Novel Anak Semua Bangsa karya Pramudya Ananta Toer lebih dominan menceritakan kehidupan minke di Belanda dan di Jawa. Banyaknya konflik antar tokoh dengan latar belakang pribumi dan belanda menambah berbagai macam suasana dalam cerita novel ini, namun suasana emosional yang dapat menggambarkan keseluruhan suasana dalam novel ini.

Alur

Secara keseluruhan Novel Anak Semua Bangsa karya Pramudya Ananta Toer dapat disimpulkan menjadi tiga kelompok yakni kelompok awal, kelompok tengah dan kelompok akhir. Dimana saat pembukaan cerita dikenalkan dengan tokoh utama Minke dengan awal kehidupanya, setelah itu diikuti dengan kehidupan Minke yang menjelajahi negara Barat dan menemui berbagai pertentangan antara kehidupan pribumi dan Belanda. Diakhiri dengan kembalinya cerita tentang kehidupan minke dan Ny. Ontosoroh di Jawa setelah mengalami berbagai konflik.

 

Unsur Ekstrinsik

Dalam novel Anak Semua Bangsa karya Pramudya Ananta Toer mengandung nilai-nilai budaya, sosial, politik yang dapat dipetik oleh pembaca. Semua itu dibuktikan dengan isi cerita yang menggambarkan konflik kehidupan tokoh utama dalam hidupnya di negeri Belanda dengan realita kehidupan penjajahan belanda atas pribumi. Secara tidak langsung novel ini juga mengandung nilai sejarah Indonesia dengan kolonial Belanda.

Analisis Menurut Teori J. Elena

Secara keseluruhan novel Anak Semua Bangsa telah mengandung keutuhan jiwa dari tingkat pertama sampai tingkat ke lima, yaitu Niveau Anorganis, Niveau Vegetatif, Niveau Animal, Niveau Human dan Niveu Religius. Semua itu ditunjukkan dengan penggambaran cerita tentang sejarah yaitu sejarah antara Indonesia dan Belanda, dimana dalam novel ini menceritakan tokoh utama yang menjalai kehidupan yang bisa dikatakan memiliki varian suasana. Adanya unsur hubungan negara Indonesia dan Belanda dalam novel ini menjadikan penggunaan bahasa tulis dan nama dari tokoh-tokoh novel ini bisa dikatakan asing dalam struktur diksi dan nama tokoh itu sendiri. 

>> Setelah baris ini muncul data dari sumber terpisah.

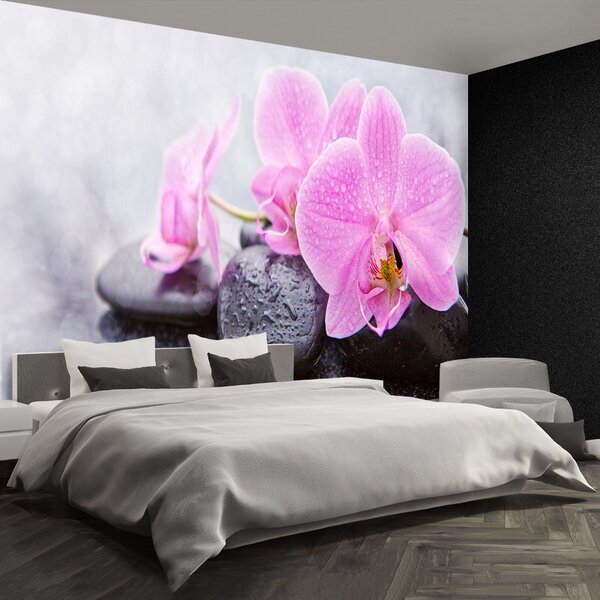 Fototapet Orchid Stones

Selain itu penggambaran suasana penjajahan Belanda pada masa lalu memiliki ciri khas tentang pemaksaan dan kekejaman yang ditonjolkan dalam setiap cerita sejarah. Secara garis besar novel Anak Semua Bangsa baik untuk kajian dalam pembelajaran telah mewakili kelima pengalaman jiwa dari J. Elema, dan penceritaan mengenai sejarah, namun disisi lain penggunaan bahasa belanda dan beberapa bahasa yang tidak umum, menimbulkan pertanyaan dari pembaca sendiri, dan membuat si pembaca kesulitan dalam pengucapan kata-kata dalam bahasa asing. 

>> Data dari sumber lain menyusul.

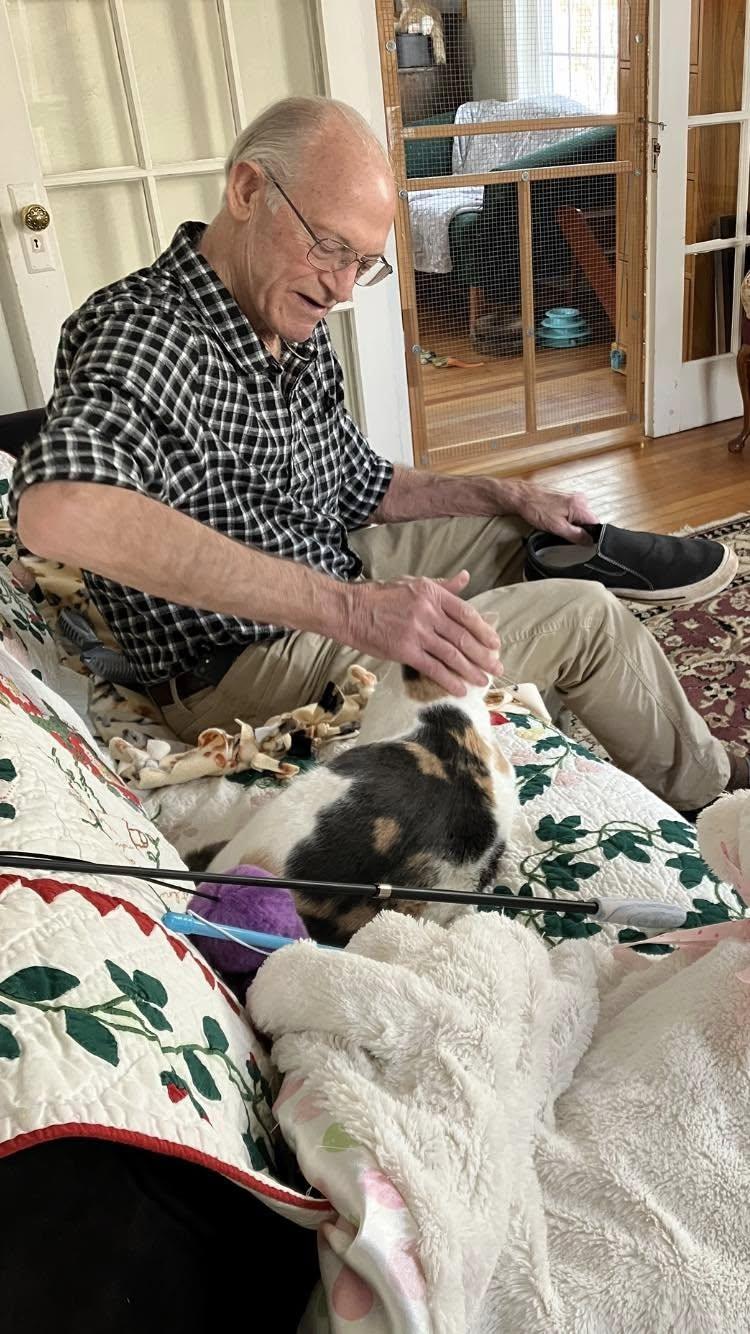 Enlarge Meadow, a Adoptable Calico in Bath, ME image 6/6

Misalkan kata Hordab, wer da; wie daar yang berarti siapa di situ, -Preng-, -vriend- yang berarti teman. -zuivel- yang berarti barang-barang yang terbuat dari susu. Gundik adalah suatu sebutan bagi perempuan yang menjadi istri seseorang yang tidak resmi dan tersembunyi dari khalayak. Dalam hal ini dalam novel Novel Anak Semua Bangsa karya Pramudya Ananta Toer gundik artinya istri yang dinikahi secara tidak resmi. Kaum marjinal adalah kaum yang terpinggirkan secara ekonomi dan perpolitikannya. Kaum dalam cerita novel Novel Anak Semua Bangsa karya Pramudya Ananta Toer, kaum Marjinal diwakili oleh Trunodongso. 

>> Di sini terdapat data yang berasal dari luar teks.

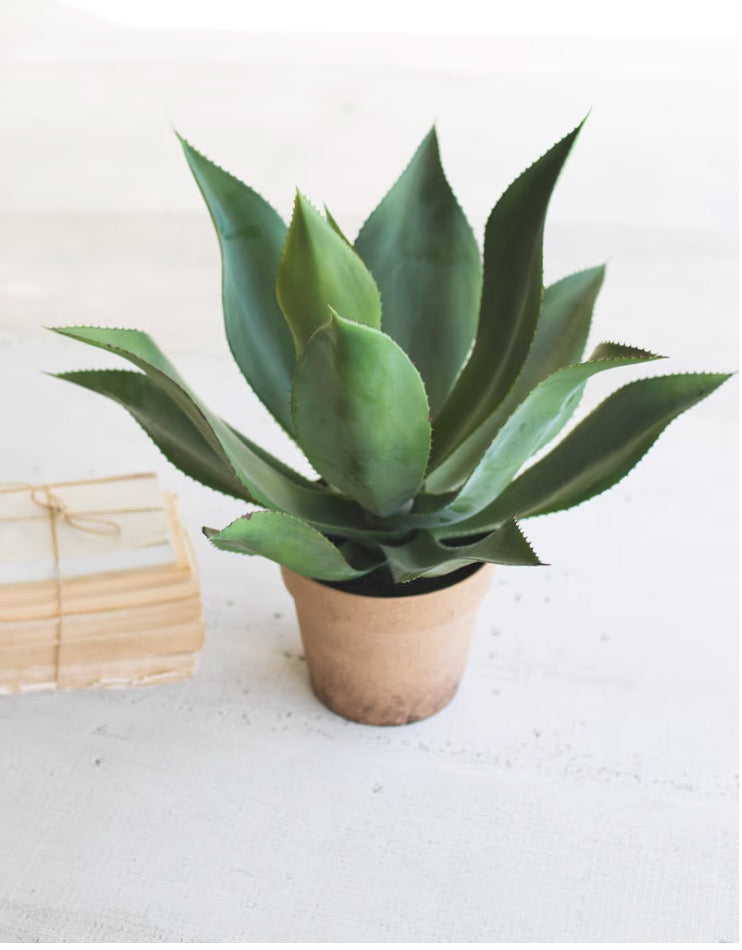 Artificial Agave In Faux Terracotta Pot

Trunodongso sebagai orang lemah yang termarjinalkan mendapat perlakukan yang sama sekali tidak adil dari penguasa setempat yakni para pengelola pabrik gula Tulangan yang notabene adalah orang Belanda. Memang banyaknya penggunaan bahasa asing menjadikan kelemahan dari novel ini, namun semua itu dapat di atasi oleh penulis dengan adanya keterangan setiap kata-kata asing.